**Data to use**
=== Section Start ===
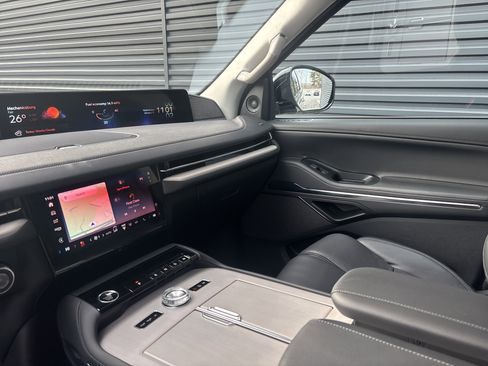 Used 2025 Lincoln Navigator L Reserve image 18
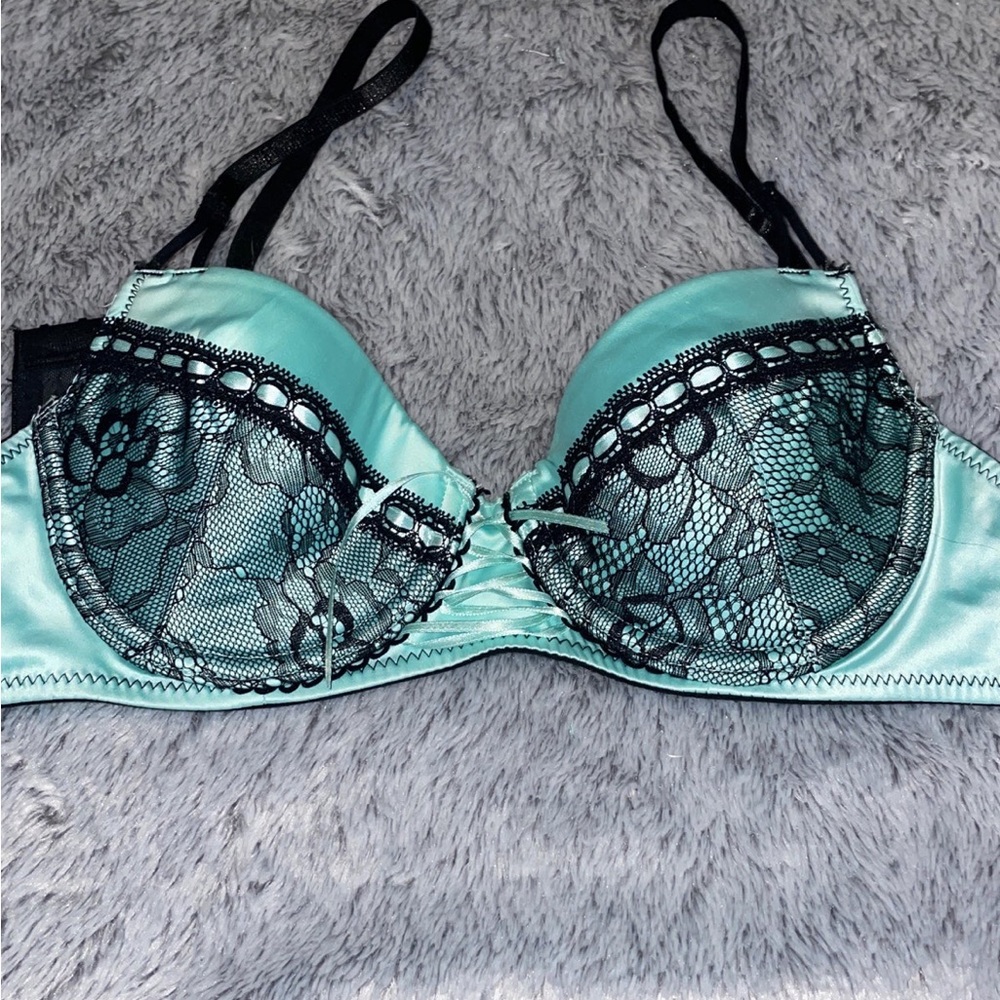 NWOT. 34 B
=== Section End ===
=== Section Start ===
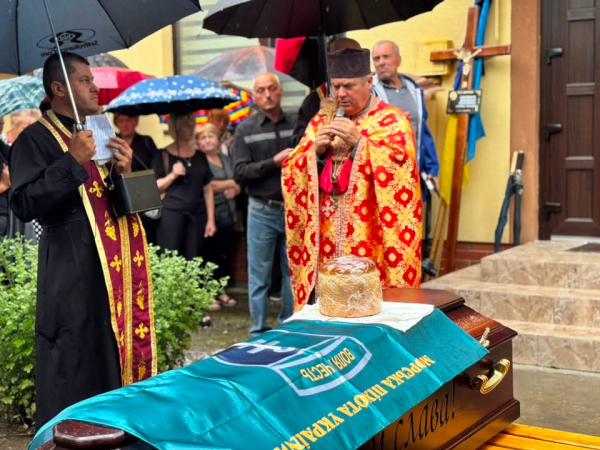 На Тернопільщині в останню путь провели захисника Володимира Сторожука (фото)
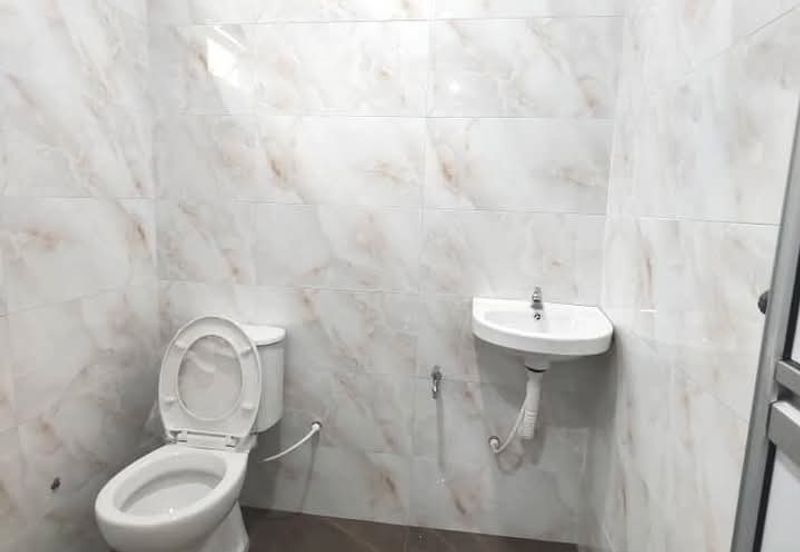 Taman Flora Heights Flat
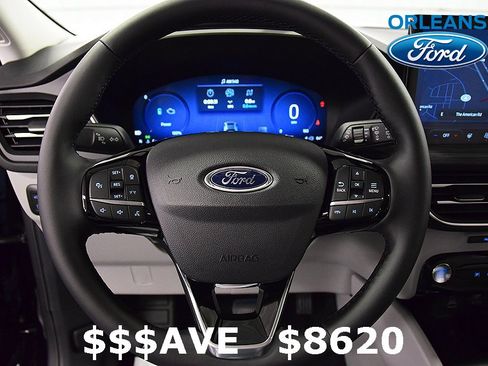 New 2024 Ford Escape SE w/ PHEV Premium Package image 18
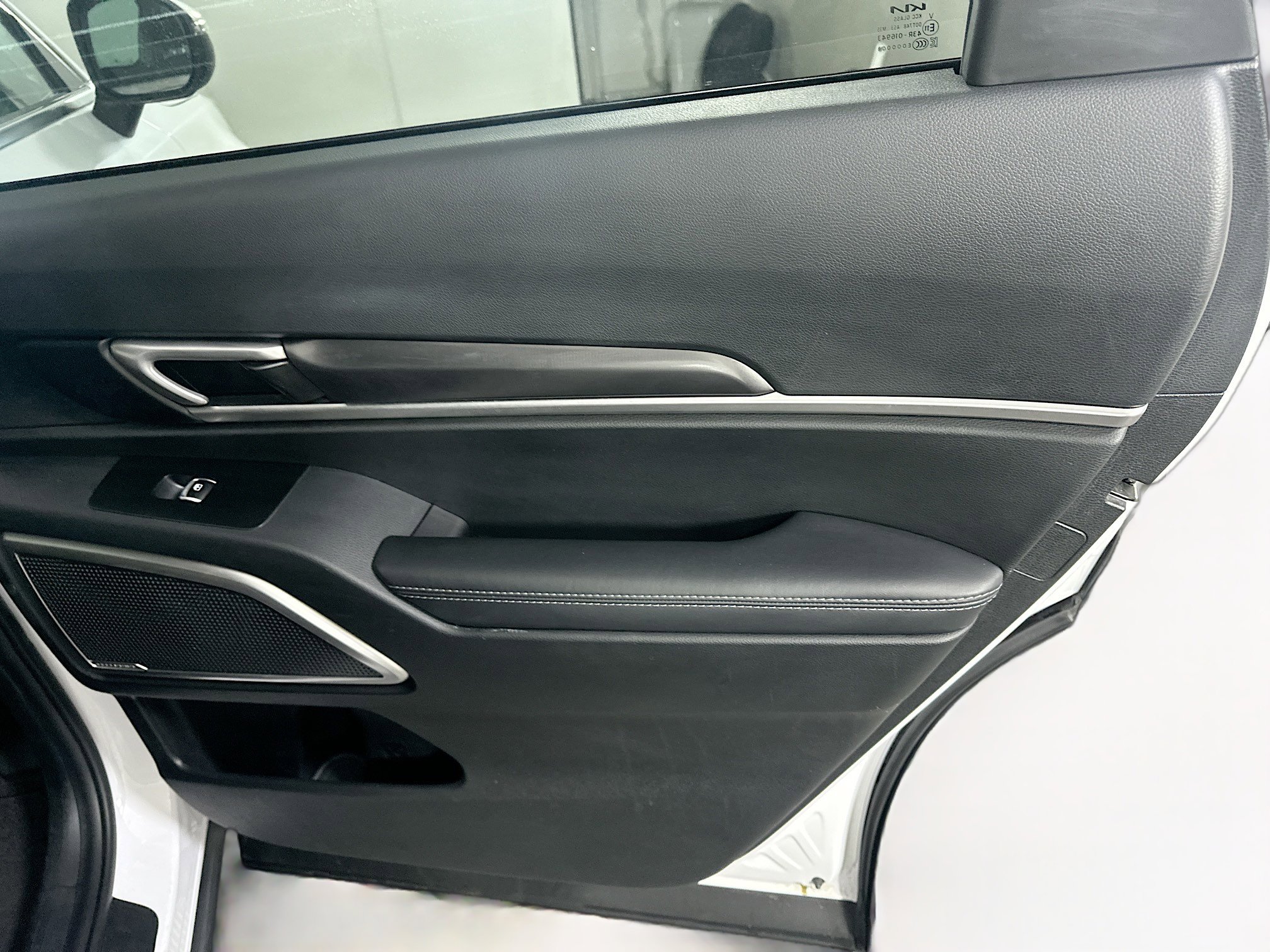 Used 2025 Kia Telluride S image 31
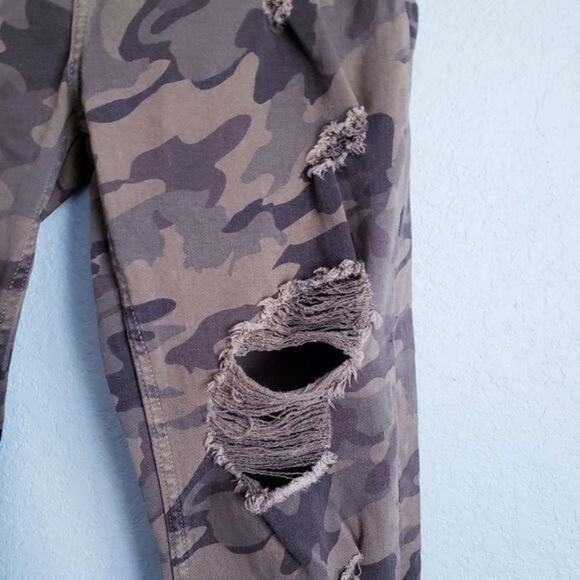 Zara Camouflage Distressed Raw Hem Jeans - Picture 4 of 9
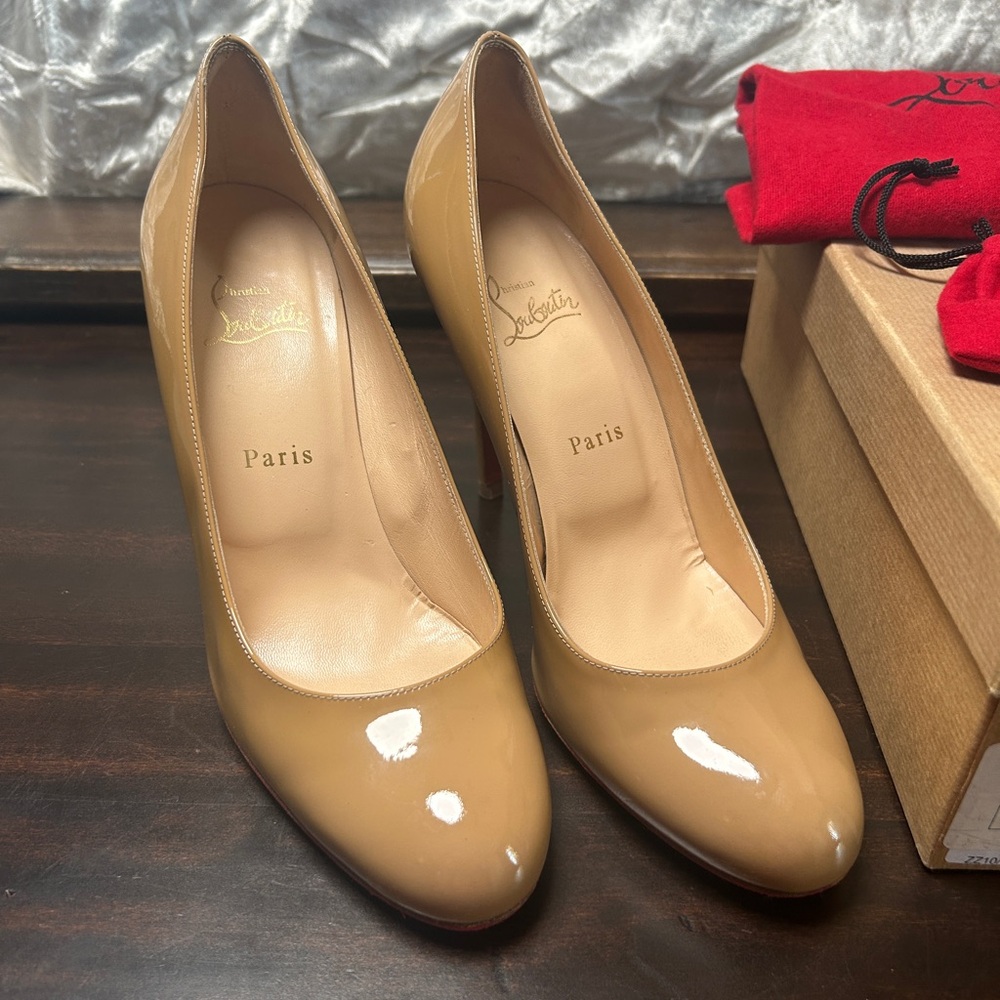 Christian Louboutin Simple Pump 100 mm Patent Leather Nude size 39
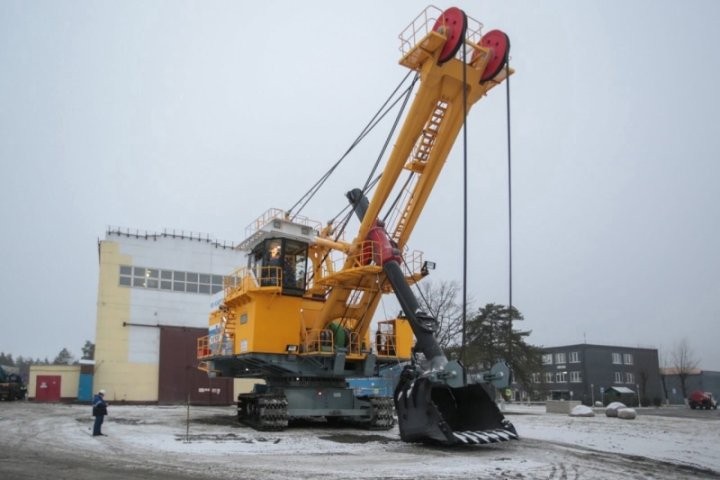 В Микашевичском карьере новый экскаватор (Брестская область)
=== Section End ===
=== Section Start ===
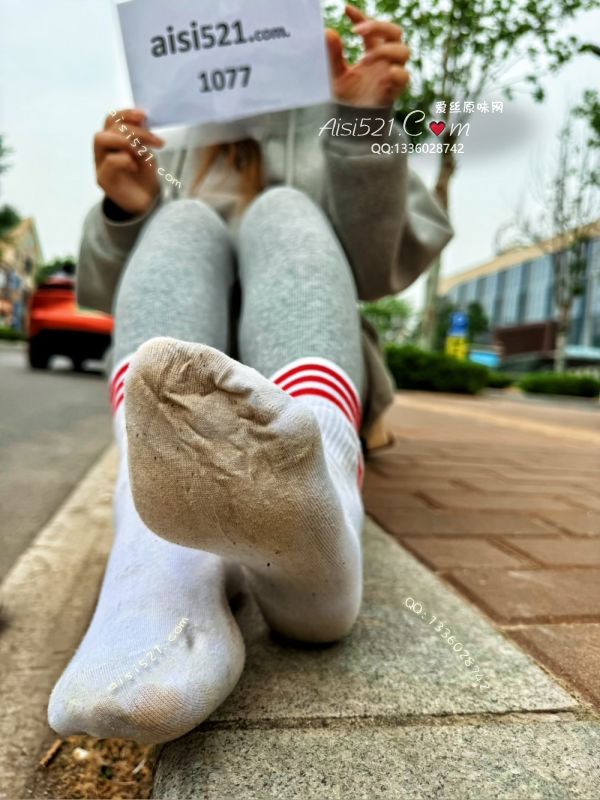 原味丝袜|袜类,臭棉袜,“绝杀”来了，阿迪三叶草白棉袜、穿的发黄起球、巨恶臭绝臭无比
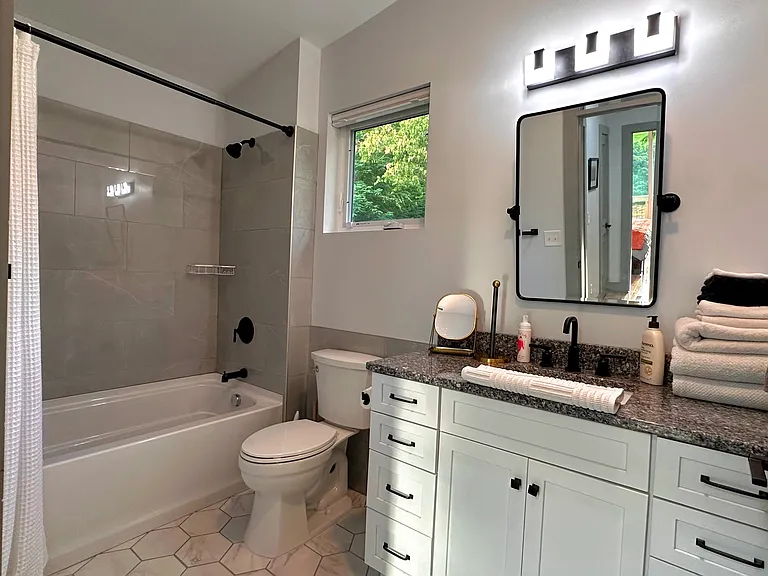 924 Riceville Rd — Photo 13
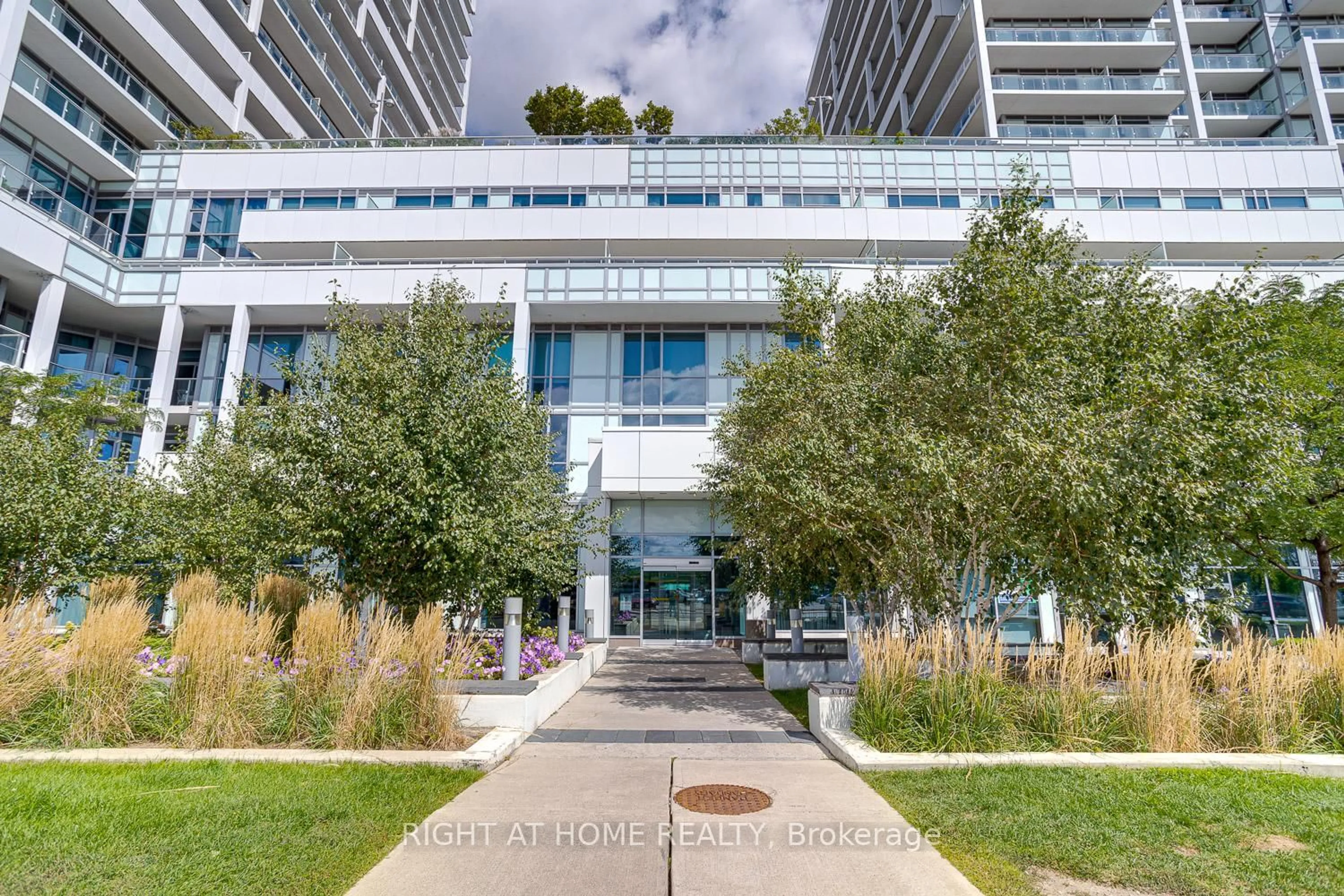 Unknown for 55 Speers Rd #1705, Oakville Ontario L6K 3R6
=== Section End ===
Take the entries above and copy exactly the lines starting at the one with "Zara Camouflage Distressed" and ending at the one with "В Микашевичском карьере"; nothing outside that span, and no pictures.

**Reply**
 Zara Camouflage Distressed Raw Hem Jeans - Picture 4 of 9
 Christian Louboutin Simple Pump 100 mm Patent Leather Nude size 39
 В Микашевичском карьере новый экскаватор (Брестская область)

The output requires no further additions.